The Next Generation

In about two weeks our first born is due. This fills me with a nervous excitement that I have also felt before rugby matches or when I’m about to explore a new trail on my bike (not to trivialise parenthood of course). However, it has also got me thinking about my beliefs and the beliefs that my wife and I want to model as parents.

Part of the reason I got involved in the conservation sector was because of an ideal – I believed and still believe that God created the universe, said that it was good, and placed humans in it to look after it. Adams first job, after all, was to tend the garden. While there will always be the need to use parts of creation to sustain human life, there will never be justification for the reckless destruction of the things that God has made, which are also a glimpse of his glory.

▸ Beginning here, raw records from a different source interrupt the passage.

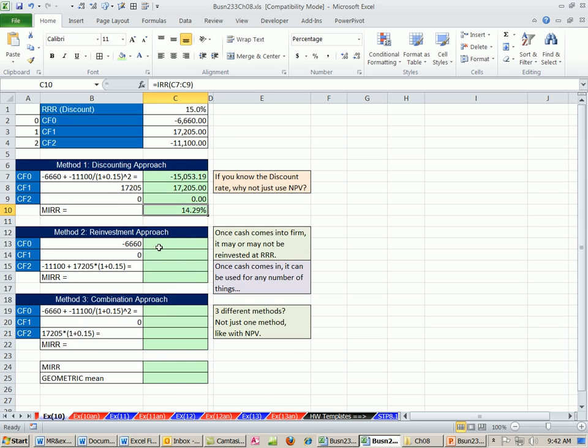Another approach is reinvestment approach. And by the way, if you know the discount rate, why not just use NPV? The reason why is people like percentages.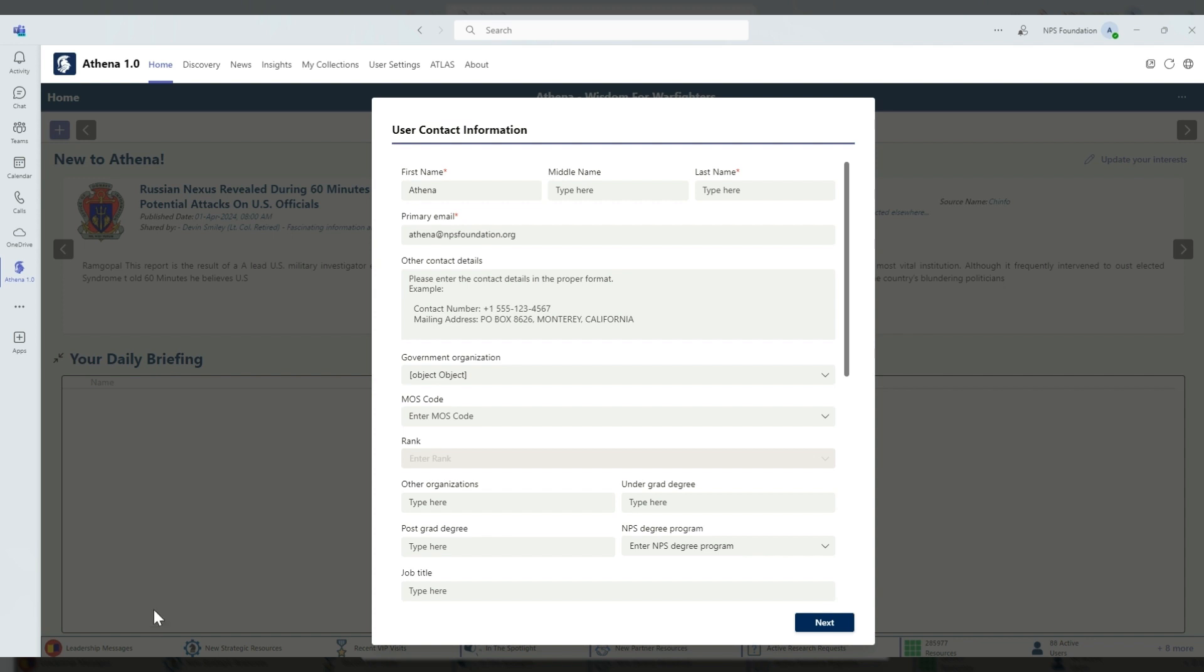After you've logged in for the first time and have changed your password, you'll be prompted to update your user contact information, as well as update your interests so that we can tailor your homepage and your daily briefing to your interests.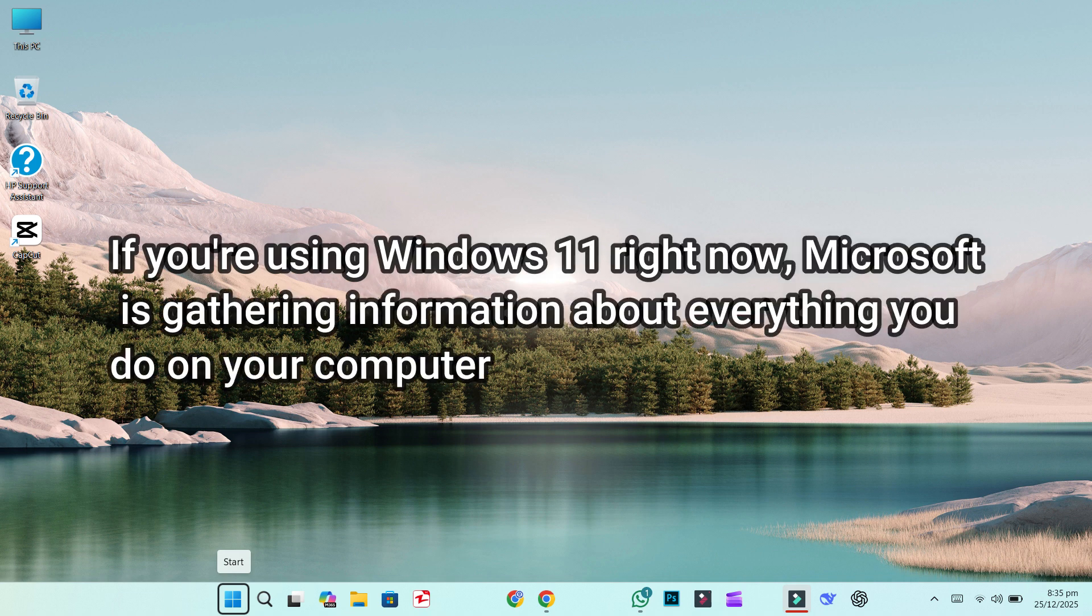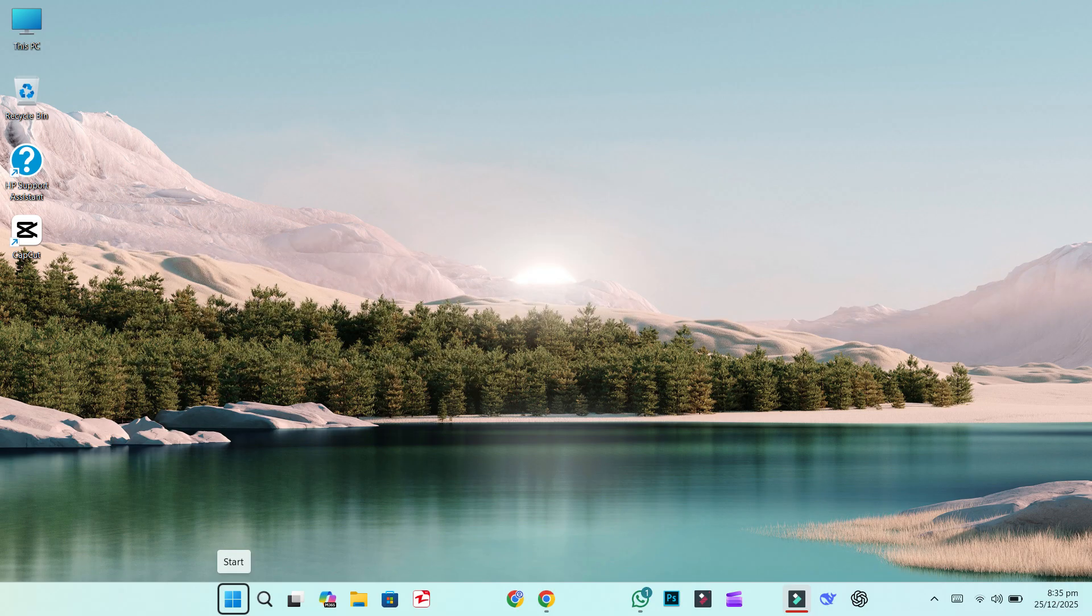If you're using Windows 11 right now, Microsoft is gathering information about everything you do on your computer. And I'm not talking about the well-known tracking settings everyone is aware of.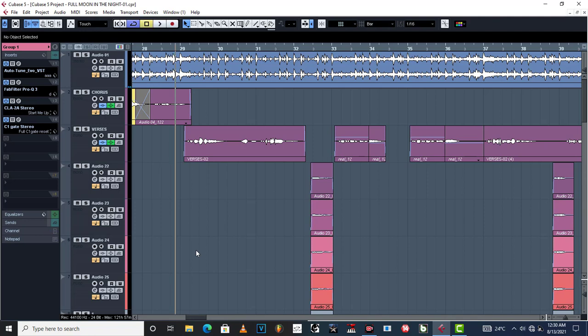Hello, welcome to Promixing and Mastering. Today, I'm going to show you and teach you how to mix professionally.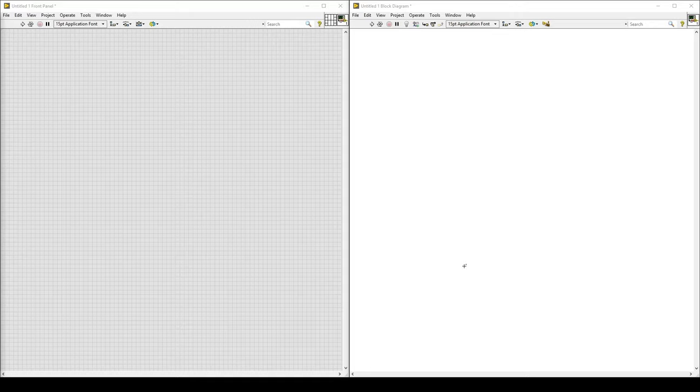This video is for Day 3 of Programming in LabVIEW. We will begin by creating a program that can collect data from a physical device and plot it on a graph.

In the past, for whatever reason, I seemed to skip the section of Christianity that demanded DOMINION over creation. Instead, I chose not to believe that the earth was going to hell in a handcart and that there was nothing we could do about it. It would, of course, be easy to believe the opposite of that statement given the current state of affairs. Humanity missed the global UN target to stem the decline of biodiversity loss by 2010. In the UK  recent report published by a coalition of Environmental NGOs,  and launched by Sir Dave (Sir David Attenborough to everyone else), found  that 60% of all UK species and habitats are in decline.

‘So what does this all have to do with becoming a father?’ I hear you say. Well, one of the lines that is continually used by the environmental sector is that of “handing the earth over to the next generation in a better condition than we got it”,and to be honest, I have felt a little down trodden about that goal of late. I don’t feel like I am handing it over in a better state than when I found it. But in spite of all that I do have hope…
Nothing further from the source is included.